Where are you from originally?
I was raised in the small town of Fredonia in Western NY. After high school, I attended the Rochester Institute of Photography and got my degree in Advertising Photography. After graduating, I moved to NYC to grow my photography business and make my career flourish.
How did you first get involved in photography/videography?
I first became interested in photography after buying an old Pentax K1000. I started out shooting 35mm black and white film and developing it myself. My sophomore year of high school, I took a black and white photography class, and from that point on I was hooked. I actually grew up on a farm, and after I caught the photography bug my father and I built a full black and white darkroom, complete with a Beseler 23CII enlarger, in a portion of the barn. I would spend endless nights in there enlarging negatives and experimenting with darkroom methods.
Describe the last picture you took.
Truthfully, the last photo I took was of my 10-year-old poodle mix Charlie looking adorable in his new dog sweater.

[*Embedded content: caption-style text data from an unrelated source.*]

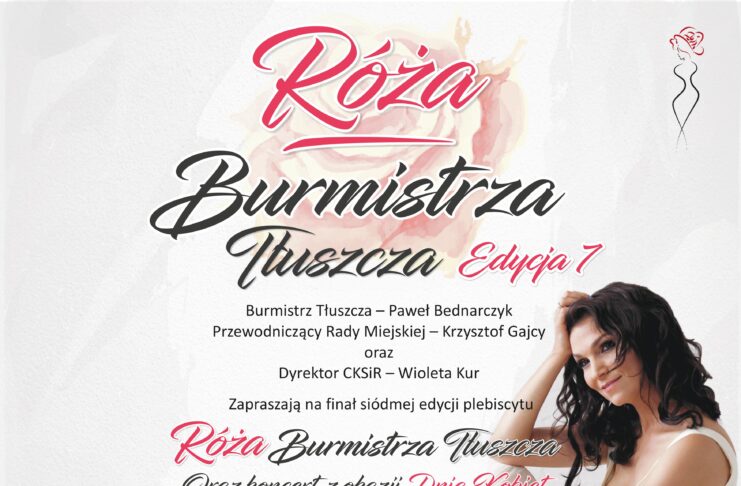 Róża Burmistrza Tłuszcza 2017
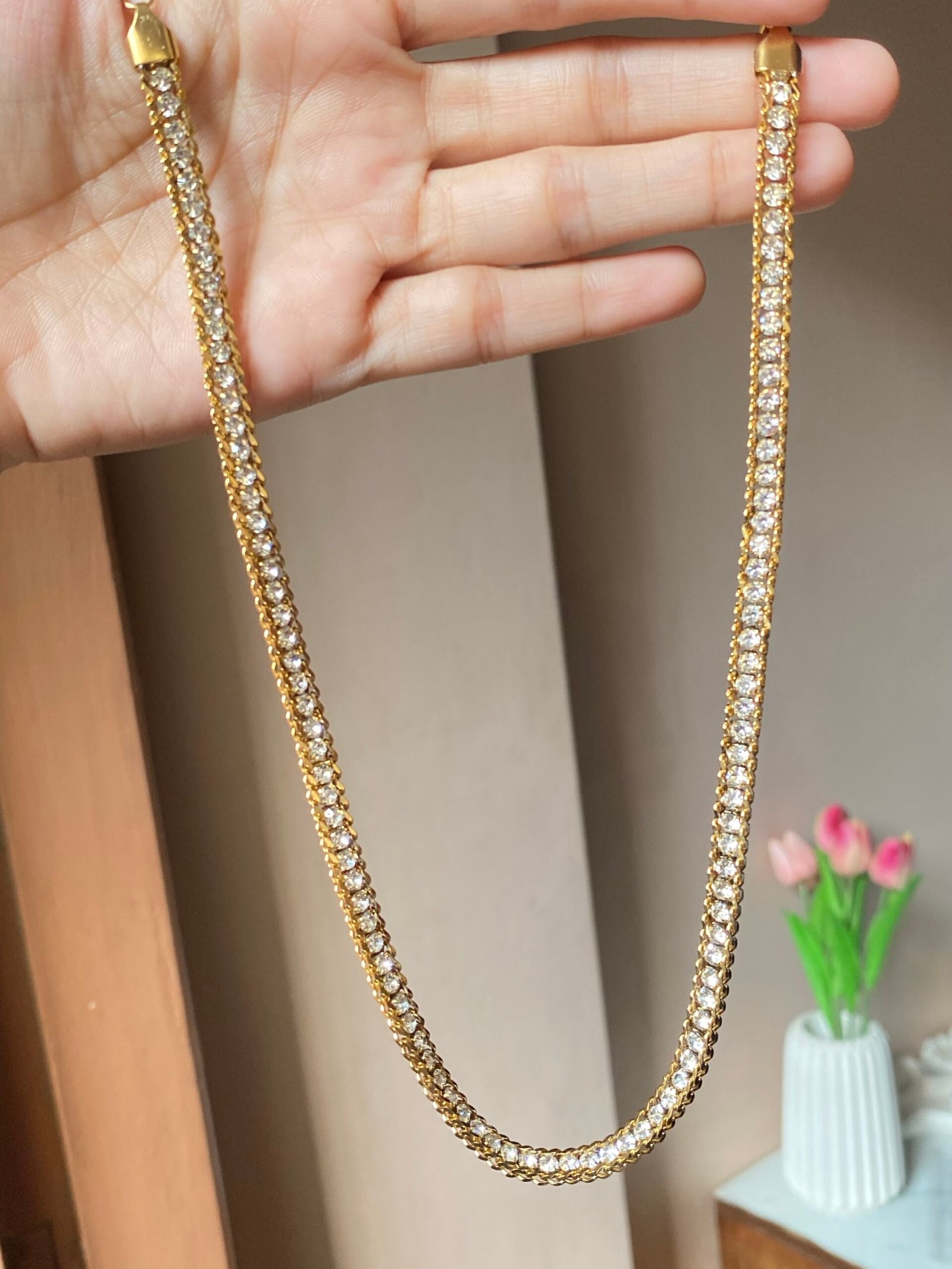 img_4531 Luxury stone necklace - Image 1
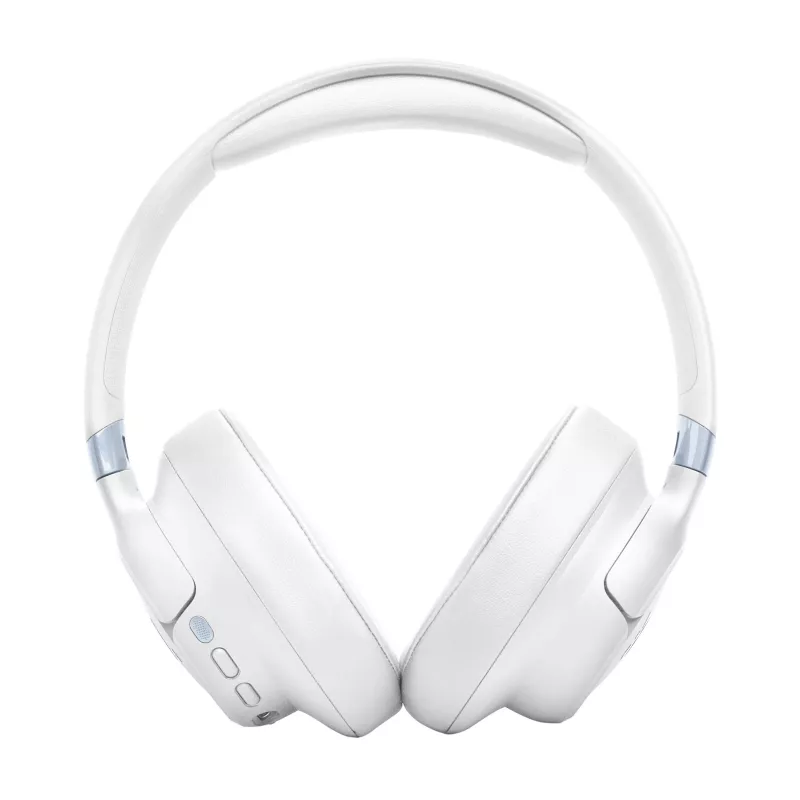 JBL Tune 780NC Headset Bedraad & Draadloos Koptelefoon Bellen/Muziek USB Type-C Bluetooth Wit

Professionally though, the last photograph I took was for the March cover of the Washington Post Magazine.
What is the one piece of equipment you could never give up?

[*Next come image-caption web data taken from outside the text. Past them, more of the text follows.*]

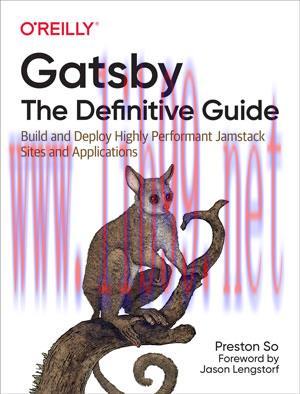 [SAIT-Ebook]Gatsby: The Definitive Guide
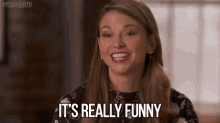 It'S Really Funny GIF - Younger Tv Younger Tv Land GIFs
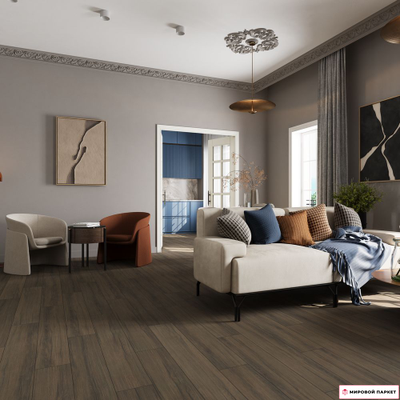 Ламинат Ever Sense Classic Дуб Тичино браун EL1044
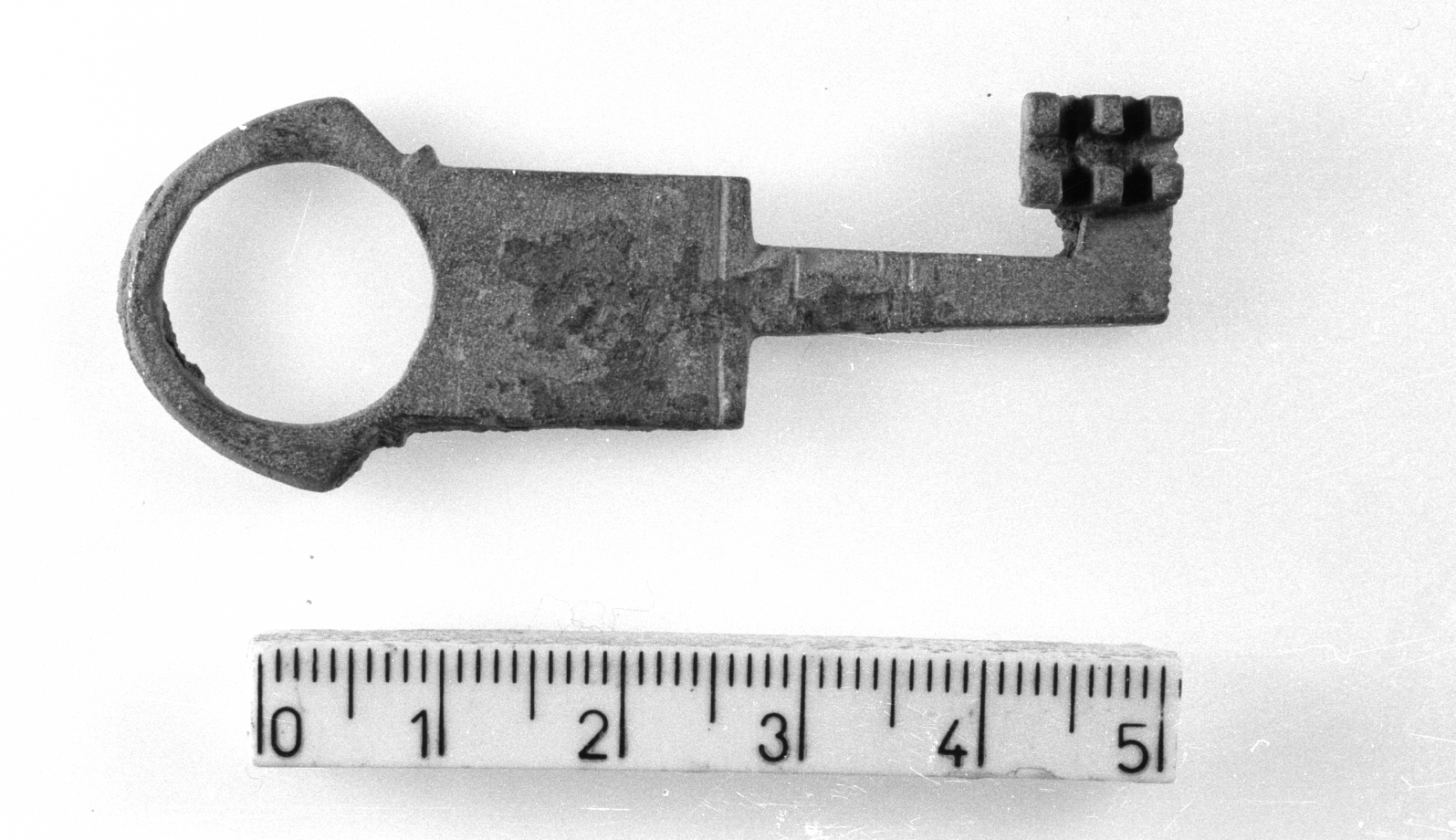 chiave a scorrimento (secc. I - IV d.C)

As odd as it might sound, the truest answer is probably gaffer tape. I would be screwed on so many shoots if that stuff didn’t exist. If we’re talking actual gear, then probably my trusty tripod. Cameras come and go, with new technology always phasing the other out, but a solid tripod will stick with you for awhile.
What genre of photography/videography do you typically shoot?
In still photography, I shoot a lot of portraiture, in studio and on location. I also do a lot of conceptual work with compositing. On the motion side of things, I really do shoot a wide variety, from interviews to tabletop food commercials.
What is your favorite shoot you’ve ever worked on?
One of my favorite shoots ever was a personal project that I photographed with American Civil War reenactors. We spent multiple days at a historic museum that is a functioning 1800’s town in upstate New York, working alongside some very dedicated reenactors. The images got used in a small book alongside the amazing writings of Thomas Bowers. It was an incredible experience getting to learn about this moment from our country’s past and live a few days in their shoes.
What is your favorite image/video you’ve ever taken?
One of my favorite videos we ever made was our piece with the boxer Willie “El Mongoose” Monroe Jr. Being able to tell his story to the world was exactly why I like being in this industry. It was a really eye-opening and uplifting experience working directly with such a truly dedicated athlete and overall humble person. It was one of those shoots where in the end everyone is chatting like old friends. By the end of the week, I knew we had captured something very special.
How would you say your work has evolved over time?
The main way my work has evolved over the years is the incorporation of motion. A lot of the time clients are now asking for motion capabilities at the same time as a still production. It’s been an incredibly fun transition, having the opportunity to tell stories in multiple frames instead of just one.
What’s the biggest challenge you’ve faced as a photographer/videographer?
The biggest challenge I think any modern photographer faces today is an ever-shifting amount of new technology and digital skill sets. The industry is changing fast, and changing every day, from new camera systems to new ways of compositing. You have to really stay abreast of all the new developments and industry trends.
What subject would you absolutely love to shoot?
I have a sincere fondness for period pieces and history. I would love to shoot still campaigns and direct motion shorts based in Ancient Rome, or maybe a series that paid homage to the Renaissance. There is something exciting and inspirational about working on a set that’s styled 600 years in the past.